I kind of know that BMX direct mount chainrings attach to crank arms differently but I am curious about the "other" types.
There is a profusion of information on the spider to chainring mounts – the outer mount (e.g BCD 110) – but not much on the inner mount – the spider to crank arm mount.
What are the different standards in place when it comes to how the spider mounts to the crank arm ?
If someone wants to write an answer that really runs everything down, I would applaud that. But it would probably be out of date the following week.
What I will say is this: for the most part, every current big crank manufacturer has their own direct mount standard, for which one can buy either a direct mount chainring or a spider adapter.

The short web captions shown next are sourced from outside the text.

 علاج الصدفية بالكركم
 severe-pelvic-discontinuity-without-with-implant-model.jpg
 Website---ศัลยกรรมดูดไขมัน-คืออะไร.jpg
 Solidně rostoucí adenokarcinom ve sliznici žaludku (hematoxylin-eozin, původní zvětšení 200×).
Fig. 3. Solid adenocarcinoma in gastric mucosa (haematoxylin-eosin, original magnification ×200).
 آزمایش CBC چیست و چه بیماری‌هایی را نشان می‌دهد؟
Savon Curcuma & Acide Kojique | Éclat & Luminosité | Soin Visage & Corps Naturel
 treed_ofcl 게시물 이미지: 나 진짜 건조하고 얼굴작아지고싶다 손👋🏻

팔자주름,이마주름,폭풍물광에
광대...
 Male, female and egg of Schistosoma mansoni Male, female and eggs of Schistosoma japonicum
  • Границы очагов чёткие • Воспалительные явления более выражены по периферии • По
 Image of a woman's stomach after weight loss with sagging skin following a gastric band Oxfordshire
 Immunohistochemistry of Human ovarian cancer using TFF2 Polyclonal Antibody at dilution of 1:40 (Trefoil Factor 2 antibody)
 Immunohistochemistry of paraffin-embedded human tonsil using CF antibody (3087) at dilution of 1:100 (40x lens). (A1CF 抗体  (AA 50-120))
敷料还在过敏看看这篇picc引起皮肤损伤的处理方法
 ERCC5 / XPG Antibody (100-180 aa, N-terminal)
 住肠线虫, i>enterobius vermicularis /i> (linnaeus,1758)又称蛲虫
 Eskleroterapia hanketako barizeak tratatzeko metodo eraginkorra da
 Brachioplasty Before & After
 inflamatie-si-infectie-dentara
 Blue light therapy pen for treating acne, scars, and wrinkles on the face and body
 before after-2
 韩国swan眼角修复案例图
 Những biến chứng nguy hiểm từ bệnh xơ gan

Shimano, SRAM, Race Face, FSA, and Cannondale are all examples I can think of off the top, and there's more. You can get in the weeds quickly these days if you get a direct mount ring or spider that's made for anything else but the specific crank and specific rear end spacing you're working with.
For the most part, there is no cross-compatibility. There are a couple cases where two different manufacturers use the same physical interface. Cannondale and FSA are like that. The spline pattern and the lockrings are the same. But what's important to understand is that even if the interface is the same, chainring offset considerations will sometimes dash any hope of cross-compatibility with using a ring or spider intended for one crank on a different one. Whether that's true and why gets into a larger discussion of the decisions manufacturers now make in making their cranks and attempting, or not, to create arm compatibility among the different rear end spacings and drivetrain types.
Wolf Tooth and OneUp both make third party rings for these sorts of cranks, and you can often figure out what you need to know from studying their sites.
Correct answer by Nathan Knutson on June 12, 2021
We need to disambiguate some terminology first. It's obvious what a chainring is. For a long time, I think that when people said "crankarms," they meant the crank arms plus the spider - that is, the arms that you bolt the chainrings to. The arms and spiders were forged (aluminum) or laid up (carbon) together. The picture below is a Shimano Dura Ace 9000 crankset.
Direct mount chainrings are different. Here, the spider is forged or stamped together with the chainring. "Crankarms" in this context refers to the arms without the spider. The picture below is a Shimano XTR M9100 chainring. It fits via a splined interface to the crankarm with a lockring.
I'm not sure that all BMX chainrings are direct mount; a quick Google search shows some that would bolt to a traditional crankset (with spider). I know that direct mount is much more prevalent on MTB cranksets than on the road. SRAM has shifted to direct mount cranksets starting, I think, with their current generation of road cranksets (Red and Force 12s AXS). Shimano and Campagnolo still use the traditional arrangement.
So, broadly speaking, there are two types of cranks, the more traditional type and direct mount. For traditional cranks, the standards in question would be the various bolt circle diameters; current generation road have sort of settled on 110mm, but Shimano and Campagnolo have different 4-arm geometries. SRAM used 5-arm 110mm cranks for some time before changing to direct mount.
For direct mount cranks, the standards in question are the splined interface. I know that SRAM has one standard. I believe that Race Face and Easton, which have the same corporate parent, share a different standard. I can't remember if Cannondale either have a proprietary spline standard, or that Race Face/Easton share it (in some sense, we can also thank Cannondale for press fit bottom brackets, as they were an early mover). I am fairly sure that Rotor, which is a niche crankset and chainring maker and a proponent of oval rings, has at least one of its own standards. In their case, that standard enables you to rotate Rotor's own oval rings to your preference. Shimano also has its own spline standard.